The university system at Trento (maybe in Italy as a whole?) seems to be about giving you some 4 hours of lecture per week, and then telling you to pass an exam. There are few exercises, if any, few opportunities to meet with professors, unless you really go out of your way, few required textbooks, and few mock exams. In short, you just learn on your own.

Like in Germany, you don’t have to sign up for finals until closer to the end of the semester, and if you fail the final, you get one or two more chances to retake it. If you never pass, you can somehow “reject” your grade, and pretend the whole thing never happened.

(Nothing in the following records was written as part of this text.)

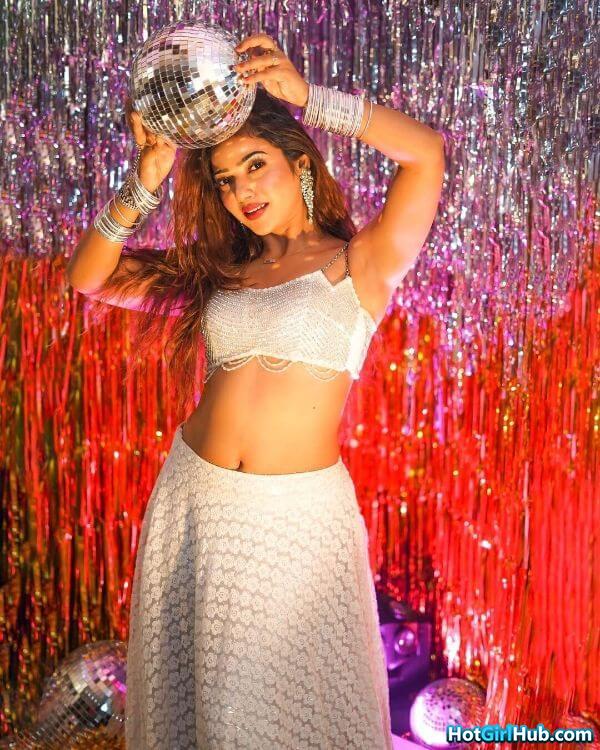 Sexy Muskan Sharma ​hot Indian Musical Artist Pics 11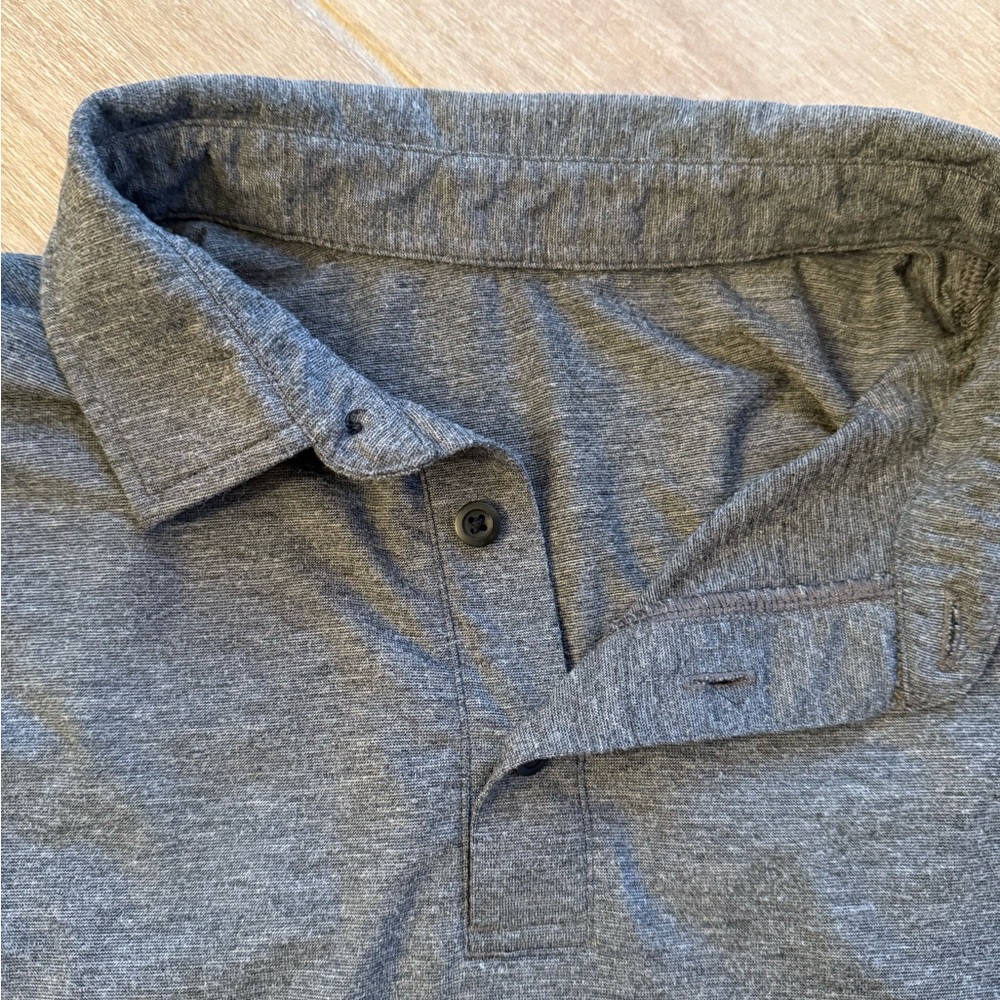 Lululemon Men’s Evolution Short-Sleeve Heathered Black Polo Shirt - Picture 3 of 4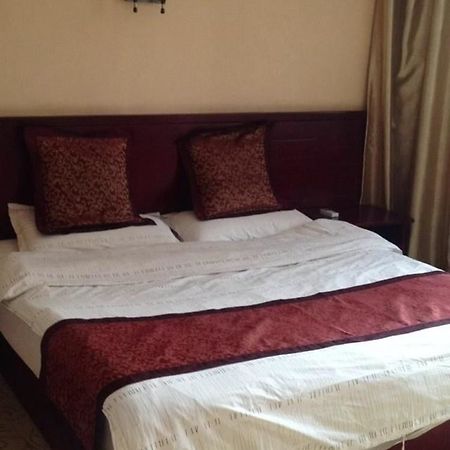 Yinhao Business Hotel 大中镇 外观 照片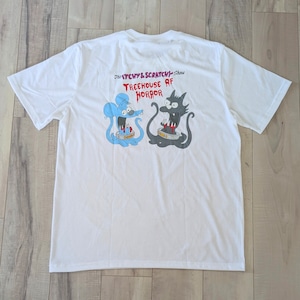 【 The Simpsons( ザ・シンプソンズ ) 】『 The Itchy & Scratchy Show / イッチー&スクラッチー 』 「Treehouse of Horror」(ツリーハウス・オブ・ホラー)/ Tシャツ / WHITE〚アメリカン雑貨 アメトイ〛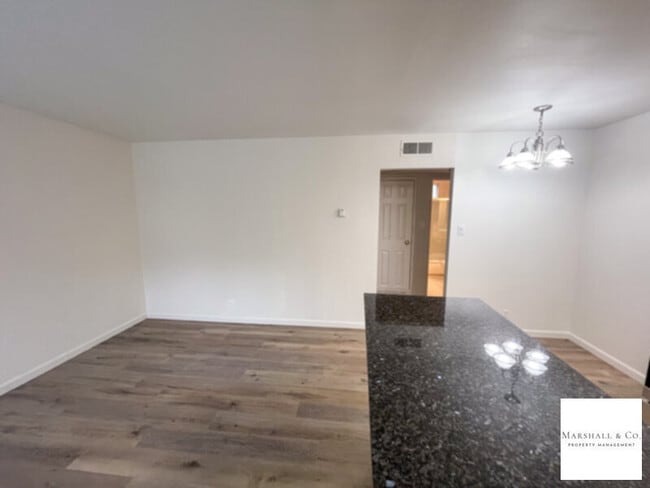 Photo - GERSTLE PK! QUIET 2BR/1BA, SMALL BLDG,MANY NEW FEATURES!WALK TO TOWN!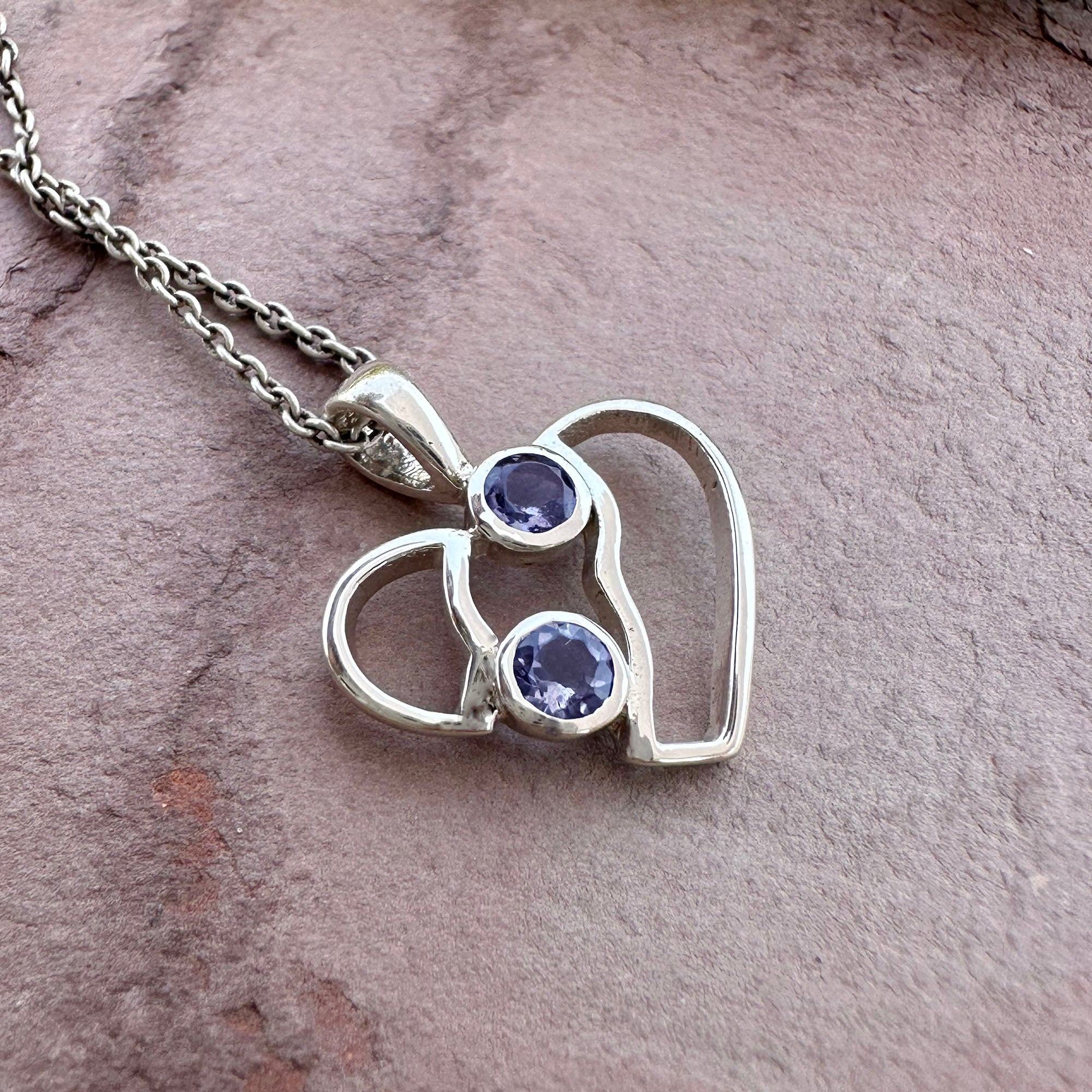 Amethyst Infinity Heart Pendant – Purple Birthstone Necklace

That part is kind of nice I guess.

The grading system is between 18 and 30L. The top grade is 30, but the L means “honours.” I think lower than a 25 is already getting to be not that great, and many people start rejecting their grade at that point (depending on their level of perfectionism).

Overall, personally, I hate this system. I prefer exercises to gauge my progress along the way, accessible professors who don’t force me to make multiple emails to arrange meetings that they end up missing due to their other obligations, and mid-term exams along the way to practice, if possible.  So the learning style didn’t mesh with my learning style, but since I only needed to take 2 courses after my first year at Saarland to meet the requirements to graduate, it wasn’t that big a deal.

CIMeC

CIMeC is a cognitive neuroscience department. The “Language and Multimodal Interaction (LMI)” track that is available within CIMeC is the one that LCT technically falls under, but there are way fewer students and professors teaching this bit of it. LMI is on the periphery of CIMeC and LCT is even more on the periphery. All in all, for computational linguistics it certainly doesn’t come near the quality of education that you get in Saarland. (If you recall, my opinion of the teaching methods at Saarland was already mediocre, and CIMeC is definitely worse.) On the other hand, if you are into cog neuro, CIMeC seems to be very good.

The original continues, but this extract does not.